Iran’s foreign minister and his counterparts from the five permanent members of the UN Security Council – Russia, China, Britain, France and the US — plus Germany held talks in New York on September 26 over Tehran’s nuclear energy program.

The UN meeting was chaired by the EU foreign policy chief, Catherine Ashton, who announced that the parties would meet again in Geneva on October 15-16 to discuss Iran’s nuclear program.

“We believe that Iran’s nuclear energy program has no problem and a balanced attitude is needed to overcome obstacles. We must move towards implementing Iran’s nuclear rights while building confidence about the peaceful nature of Iran’s nuclear program to improve [the Iranian] people’s living [conditions] …and lift cruel sanctions,” Zarif said.

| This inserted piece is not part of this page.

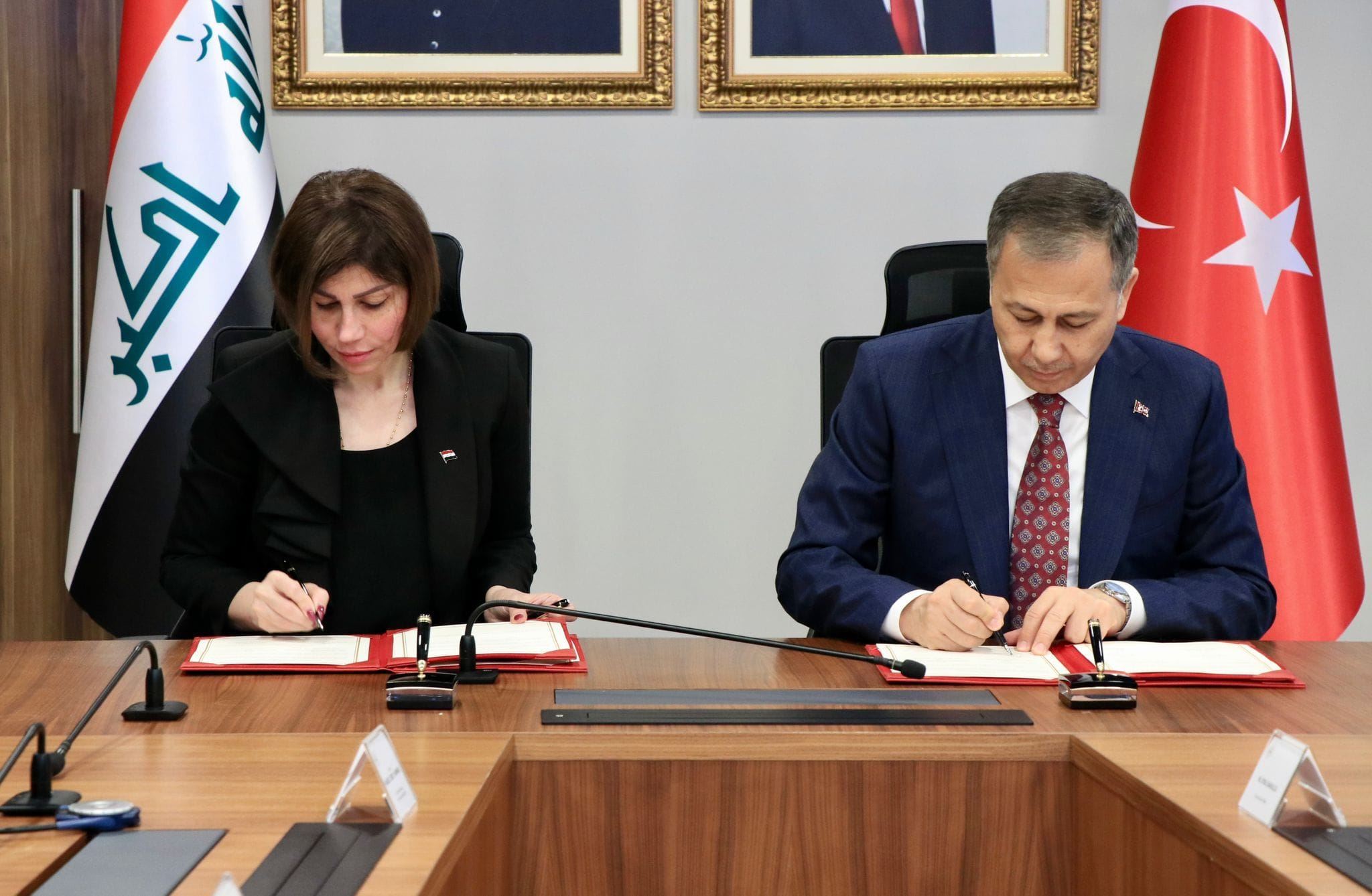 Wezîrê Karên Navxwe yê Tirkiyeyê û Wezîra Koç û Koçberan a Îraqê peyman îmze kir/Wêne: AA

The Iranian minister added that he is not pessimistic about the upcoming two-day Geneva talks, stressing the importance of proving the six powers’ goodwill and political will in practice.

“If such a will exists, we can reach a solution in a foreseeable future,” the top Iranian negotiator pointed out.

He noted that the nuclear issue cannot be resolved over a session and called for building trust to yield results in the shortest possible time.

Zarif expressed readiness to give responses to questions about Iran’s new proposals which are scheduled to be presented to the six countries during the Geneva talks.

Iran’s package of proposals has been designed based on saving time because the country believes that shortening the time of negotiations would build confidence, he explained.

“We believe that the nuclear issue can be resolved in one year and Iran’s nuclear issue can turn into an ordinary matter in the International Atomic Energy Agency (IAEA) provided that the opposite side has goodwill,” Zarif pointed out.

The Iranian foreign minister is to meet Ashton at a dinner banquet later on Monday at the residence of Iran’s Permanent Representative to International Organizations in Geneva, Mohsen Naziri.

Iran’s Deputy Foreign Minister for legal and international affairs Abbas Araqchi declared on Sunday that Iran’s package to be proposed during the talks is based on “the same step-by-step approach which was brought up and generally agreed on” in meetings with the six powers partaking in the nuclear talks.

The deputy foreign minister added that Iran’s “logical, balanced and realistic” plan makes it possible for both sides to take the first step toward breaking the deadlock over Tehran’s civilian nuclear program.